Tricked out like the display one with an 8514 XGA display, something like £15,000 or £16,000.
I tested it. My Archimedes was 4x to 8x faster in integer benchmarks. And it had a GUI -- the PS/2 didn't, this was before Windows 3.0 -- and it multitasked, which the PS/2 also didn't.
Overpriced my left kidney. It had astonishing industry-beating price:performance. It stomped all over the fastest x86 kit in the world: it ran a usable pure-software emulation of an x86 PC on which I could run work apps.
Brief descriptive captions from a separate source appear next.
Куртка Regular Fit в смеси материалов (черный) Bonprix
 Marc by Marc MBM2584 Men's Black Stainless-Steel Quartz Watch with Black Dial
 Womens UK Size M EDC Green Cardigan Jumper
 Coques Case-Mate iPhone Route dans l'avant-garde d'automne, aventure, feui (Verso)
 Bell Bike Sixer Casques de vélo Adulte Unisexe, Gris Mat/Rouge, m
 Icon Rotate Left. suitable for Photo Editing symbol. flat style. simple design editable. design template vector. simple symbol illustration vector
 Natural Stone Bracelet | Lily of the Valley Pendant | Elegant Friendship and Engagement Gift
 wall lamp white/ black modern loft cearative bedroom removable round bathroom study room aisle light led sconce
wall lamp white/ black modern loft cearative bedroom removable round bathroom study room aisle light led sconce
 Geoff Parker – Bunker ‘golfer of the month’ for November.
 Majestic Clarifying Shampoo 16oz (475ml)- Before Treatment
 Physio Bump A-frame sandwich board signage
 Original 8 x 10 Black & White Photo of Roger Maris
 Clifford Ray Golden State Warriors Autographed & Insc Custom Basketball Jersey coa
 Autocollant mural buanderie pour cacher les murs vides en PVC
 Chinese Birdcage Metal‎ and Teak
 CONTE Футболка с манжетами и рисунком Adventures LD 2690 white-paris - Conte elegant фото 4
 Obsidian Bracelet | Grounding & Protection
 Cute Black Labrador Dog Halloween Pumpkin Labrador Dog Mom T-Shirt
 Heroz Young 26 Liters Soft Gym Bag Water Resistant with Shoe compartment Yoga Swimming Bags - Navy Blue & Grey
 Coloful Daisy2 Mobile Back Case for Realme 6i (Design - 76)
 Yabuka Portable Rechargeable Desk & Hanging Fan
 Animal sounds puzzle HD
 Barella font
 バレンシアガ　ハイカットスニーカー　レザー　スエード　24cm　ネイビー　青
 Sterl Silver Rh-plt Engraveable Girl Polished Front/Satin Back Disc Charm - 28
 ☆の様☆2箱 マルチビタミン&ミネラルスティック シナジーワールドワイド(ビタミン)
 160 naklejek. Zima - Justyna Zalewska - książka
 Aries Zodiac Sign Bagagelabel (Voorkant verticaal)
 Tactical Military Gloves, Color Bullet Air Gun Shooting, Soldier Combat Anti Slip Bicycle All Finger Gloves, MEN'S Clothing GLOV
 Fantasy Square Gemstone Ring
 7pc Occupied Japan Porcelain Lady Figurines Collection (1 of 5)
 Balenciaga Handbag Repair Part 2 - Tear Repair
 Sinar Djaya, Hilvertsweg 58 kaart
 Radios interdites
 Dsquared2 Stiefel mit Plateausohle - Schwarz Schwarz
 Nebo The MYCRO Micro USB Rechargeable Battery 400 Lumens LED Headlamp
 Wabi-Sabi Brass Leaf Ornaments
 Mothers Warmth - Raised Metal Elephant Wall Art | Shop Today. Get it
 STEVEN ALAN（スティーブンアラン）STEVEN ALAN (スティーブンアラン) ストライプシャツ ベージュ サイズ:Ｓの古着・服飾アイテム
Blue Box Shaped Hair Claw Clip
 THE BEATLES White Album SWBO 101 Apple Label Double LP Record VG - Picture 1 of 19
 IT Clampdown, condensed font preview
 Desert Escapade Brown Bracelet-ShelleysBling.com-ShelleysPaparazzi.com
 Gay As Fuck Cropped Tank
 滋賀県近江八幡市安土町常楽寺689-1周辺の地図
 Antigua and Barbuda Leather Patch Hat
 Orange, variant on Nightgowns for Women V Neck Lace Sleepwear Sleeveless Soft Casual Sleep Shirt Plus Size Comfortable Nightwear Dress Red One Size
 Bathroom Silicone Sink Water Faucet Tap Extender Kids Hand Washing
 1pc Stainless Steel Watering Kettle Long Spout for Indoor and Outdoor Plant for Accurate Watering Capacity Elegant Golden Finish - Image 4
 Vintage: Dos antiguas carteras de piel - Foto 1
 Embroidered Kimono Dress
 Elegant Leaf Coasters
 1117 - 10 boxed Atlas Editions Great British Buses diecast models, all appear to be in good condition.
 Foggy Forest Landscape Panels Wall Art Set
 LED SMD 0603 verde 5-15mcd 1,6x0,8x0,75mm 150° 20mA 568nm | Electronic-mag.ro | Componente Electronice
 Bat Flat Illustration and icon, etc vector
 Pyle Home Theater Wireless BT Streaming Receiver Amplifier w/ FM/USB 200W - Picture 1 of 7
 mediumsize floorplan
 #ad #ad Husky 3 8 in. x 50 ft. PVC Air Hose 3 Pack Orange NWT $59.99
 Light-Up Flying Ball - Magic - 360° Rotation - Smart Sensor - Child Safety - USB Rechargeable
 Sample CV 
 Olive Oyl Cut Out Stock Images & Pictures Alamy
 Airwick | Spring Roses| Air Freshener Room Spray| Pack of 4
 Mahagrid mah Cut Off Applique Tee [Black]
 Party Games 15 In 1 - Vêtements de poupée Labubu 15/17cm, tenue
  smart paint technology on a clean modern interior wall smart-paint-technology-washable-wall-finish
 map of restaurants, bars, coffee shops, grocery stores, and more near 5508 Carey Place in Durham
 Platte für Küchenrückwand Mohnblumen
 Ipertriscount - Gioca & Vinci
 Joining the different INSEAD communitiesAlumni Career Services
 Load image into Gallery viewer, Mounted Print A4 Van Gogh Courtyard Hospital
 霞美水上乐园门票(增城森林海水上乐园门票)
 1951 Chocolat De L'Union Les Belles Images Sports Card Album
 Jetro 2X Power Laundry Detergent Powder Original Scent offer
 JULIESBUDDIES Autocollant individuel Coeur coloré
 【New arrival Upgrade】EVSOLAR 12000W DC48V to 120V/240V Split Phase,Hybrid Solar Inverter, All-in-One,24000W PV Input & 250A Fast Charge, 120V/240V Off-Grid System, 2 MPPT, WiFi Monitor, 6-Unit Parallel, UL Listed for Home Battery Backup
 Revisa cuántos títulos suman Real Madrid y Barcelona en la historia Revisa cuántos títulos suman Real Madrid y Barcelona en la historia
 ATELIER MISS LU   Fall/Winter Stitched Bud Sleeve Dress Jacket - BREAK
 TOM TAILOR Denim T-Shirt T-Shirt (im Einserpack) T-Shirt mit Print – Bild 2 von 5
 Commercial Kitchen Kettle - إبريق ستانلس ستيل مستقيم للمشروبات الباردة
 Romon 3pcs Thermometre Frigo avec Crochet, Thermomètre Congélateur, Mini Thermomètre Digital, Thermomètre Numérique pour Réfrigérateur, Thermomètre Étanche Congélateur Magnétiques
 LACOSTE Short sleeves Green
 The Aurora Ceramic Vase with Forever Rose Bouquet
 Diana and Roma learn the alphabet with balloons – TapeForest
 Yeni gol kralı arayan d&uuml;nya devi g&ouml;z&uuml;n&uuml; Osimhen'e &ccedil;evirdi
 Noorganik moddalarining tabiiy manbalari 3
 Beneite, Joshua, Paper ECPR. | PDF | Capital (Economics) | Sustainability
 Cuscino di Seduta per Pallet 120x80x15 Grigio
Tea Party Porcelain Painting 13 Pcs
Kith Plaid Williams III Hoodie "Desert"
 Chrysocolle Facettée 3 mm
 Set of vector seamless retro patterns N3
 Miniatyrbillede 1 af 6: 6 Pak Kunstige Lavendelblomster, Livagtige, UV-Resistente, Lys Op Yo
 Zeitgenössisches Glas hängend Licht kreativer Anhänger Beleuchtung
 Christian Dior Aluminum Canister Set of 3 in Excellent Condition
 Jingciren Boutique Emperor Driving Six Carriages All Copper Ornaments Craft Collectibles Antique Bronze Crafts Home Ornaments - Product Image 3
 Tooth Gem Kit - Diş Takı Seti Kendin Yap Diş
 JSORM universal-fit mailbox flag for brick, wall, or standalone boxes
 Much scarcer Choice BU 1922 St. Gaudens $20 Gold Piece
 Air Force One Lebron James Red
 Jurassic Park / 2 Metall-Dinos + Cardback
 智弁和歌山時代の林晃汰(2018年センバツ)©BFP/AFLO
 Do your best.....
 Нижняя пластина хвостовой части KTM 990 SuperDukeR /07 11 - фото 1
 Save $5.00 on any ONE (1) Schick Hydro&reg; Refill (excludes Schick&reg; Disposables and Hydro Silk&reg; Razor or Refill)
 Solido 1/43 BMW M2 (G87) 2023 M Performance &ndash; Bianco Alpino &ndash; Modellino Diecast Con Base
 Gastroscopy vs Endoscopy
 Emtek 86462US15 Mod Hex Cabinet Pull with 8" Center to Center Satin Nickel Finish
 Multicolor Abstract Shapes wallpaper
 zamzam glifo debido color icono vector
My experience over two decades has been that running Linux is like having a car you need to spend every weekend in the garage tinkering with to keep running well. MacOS is lower effort. I haven't run Windows in a long time, but compared to Linux, it also doesn't require constant tinkering.
While I also think Linux user experience becomes more and more "it just works", the incentives are such that a commercial experience like macOS is likely to always be a few levels above.
Is it this or that you have the Linux skills to tinker so just do. Giving Linux laptops to non-techies yields self-sufficiency in people I've not seen with other OS platforms.
And yet... Do you own a smartphone of any kind?
It has an Acorn-compatible CPU inside it. In fact, if it isn't 20+ years old, it has several: it has a multicore main CPU with several different Arm cores, and there are more in the Wifi controller, and more in the Bluetooth controller.
There is a pretty good chance that if you own an x86 machine with wifi, it includes multiple Arm cores too. Whatever OS you run, from Windows to BSD, if you were to search your SSD, you will find BLOBs of Arm code on it.
Is there any Amiga or ST derived tech in them? Not that I know of. But a company with "A" for Acorn in its name is in very nearly every device with a microprocessor.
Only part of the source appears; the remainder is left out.